The way it is on Love You, it's an amazing machine bass sound that just pulls the whole song into it. It's like an undertow. Those were some of the best bass lines I ever wrote.
Many critics were baffled, but Robert Christgau immediately announced his love for the album :
Painfully crackpot and painfully sung, but also inspired, not least because it calls forth forbidden emotions. For a surrogate teenager to bare his growing pains so guilelessly was exciting, or at least charming; for an avowed adult to expose an almost childish naivete is embarrassing, but also cathartic; and for a rock and roll hero to compose a verbally and musically irresistible paean to Johnny Carson is an act of shamanism pure and simple. As with Wild Honey, the music sounds wrong in contradictory ways at first--both arty and cute, spare and smarmy--but on almost every cut it comes together soon enough; I am especially partial to the organ textures, and I find the absurd little astrology ditty, "Solar System," impossible to shake.

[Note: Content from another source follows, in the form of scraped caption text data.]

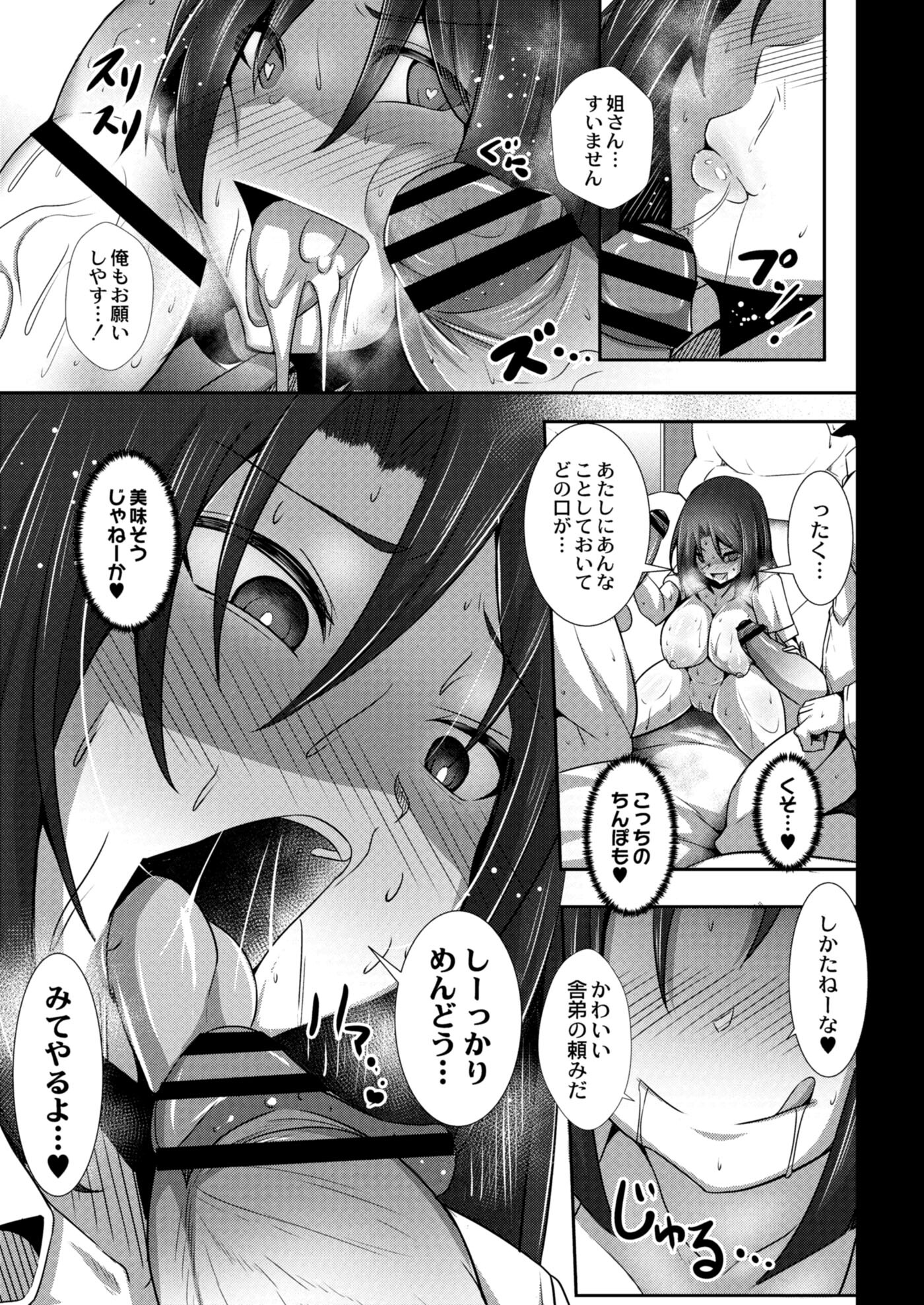 【エロ漫画】性欲が強すぎる彼氏に場所も時間も問わず求められてアナルもまんこにもぶっこまれこのままではいけないと思い離れるが体は快楽を求め再び戻ってくる 毎日エロ漫画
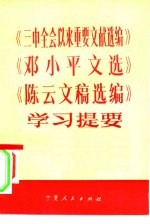 《三中全会以来重要文献选编》 《邓小平文选》 《陈云文稿选编》学习提要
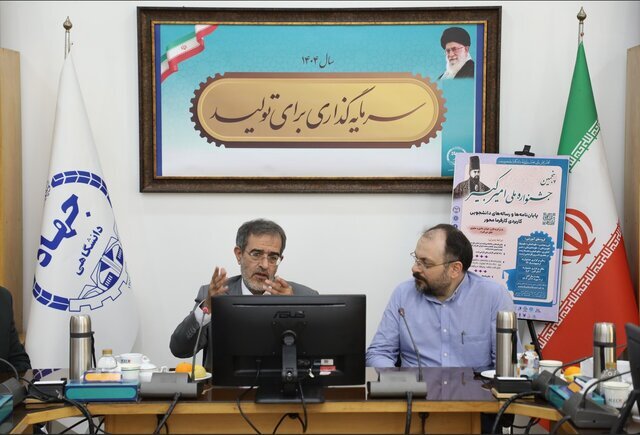 پنجمین جشنواره امیرکبیر در سطح ملی برگزار می‌شود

As for the words, well, they're often pretty silly, but even (especially) when they're designed to appeal to whatever Brian imagines to be the rock audience they reveal a lot more about the artist than most lyrics do. And this artist is a very interesting case. A
Rolling Stone's Billy Altman said the lyrics were often weak but the arrangements made The Beach Boys Love You a "truly wonderful album":
Musically, though, it's an arresting tour de force. The song opens with a piano playing a blues line with chain-gang overtones. Then the organ and synthesizer move in, accompanied by Dennis Wilson's spare snare drum, and near the end, a brief, taut organ interlude of short chords is accented by three short snare shots. It's simply masterful, in the unassuming way of Smiley Smile and Friends.
There are rockers here: "Roller Skating Child," with a great lead guitar moving behind the three-part singing; "Honkin' Down the Highway" is Jardine's best vocal since "Help Me Rhonda"; "Mona" is two minutes of sheer joy, as Brian sings of his love for Phil Spector and his own version of the wall of sound carries you up and away. There are some beautiful love songs as well: "The Night Was So Young," with that Pet Sounds post-surf guitar off in the background; "I'll Bet He's Nice," with excellent use of synthesizer and Carl's soulful singing in the middle of the track; and "I Wanna Pick You Up," which has everything from an uncharacteristic chorus sung in unison to a five-part a cappella harmony ending.
The Beach Boys Love You is reminiscent of many other Beach Boys albums. Like the best of them, it's flawed but enjoyable. Brian Wilson still isn't singing as well as he used to, but his playing and composing talents have certainly returned from wherever they've been the past few years. Considering what he's been through, it's some accomplishment. Next time, Brian, let's get together and do it again. Okay?
Billboard's review was also positive:
The second Beach Boys album since Brian Wilson's return to musical creativity is something of a return to square one, in the most positive sense of the phrase. Without any overt surfing or auto racing songs, this LP brings back the direct, almost childlike naturalness of the quintet in its classic early period before it tried to get as significant and meaningful as all of the other major groups passing through the tail-end of psychedelic rock. The album provides no less than 14 short, cheerful songs of bouncy love or other good experiences, such as watching the host of the "Tonight Show" do his thing or playing with a baby. The basic rhythm tracks tend towards chugging keyboard/guitar figures that are as irresistible as they are unpretentious. The lyrics may not win any prizes for cleverness or profundity but the chirpy melodies and angelic vocal harmonies make their own in-depth statements. Welcome back, Brian.
The Beach Boys Love You peaked at #53 on the Billboard album charts and finished #28 in the Village Voice's Pazz and Jop Critics Poll. R.E.M.'s Peter Buck is said to always pick up a copy of the album when he sees it to give to a friend. Clearly it's a cult album of the highest order. There isn't much to praise after this one. The Beach Boys became a full time nostalgia act and are the richer for it I suppose. What almost nobody expected was the exceptional release to come from drummer Dennis Wilson later in the year.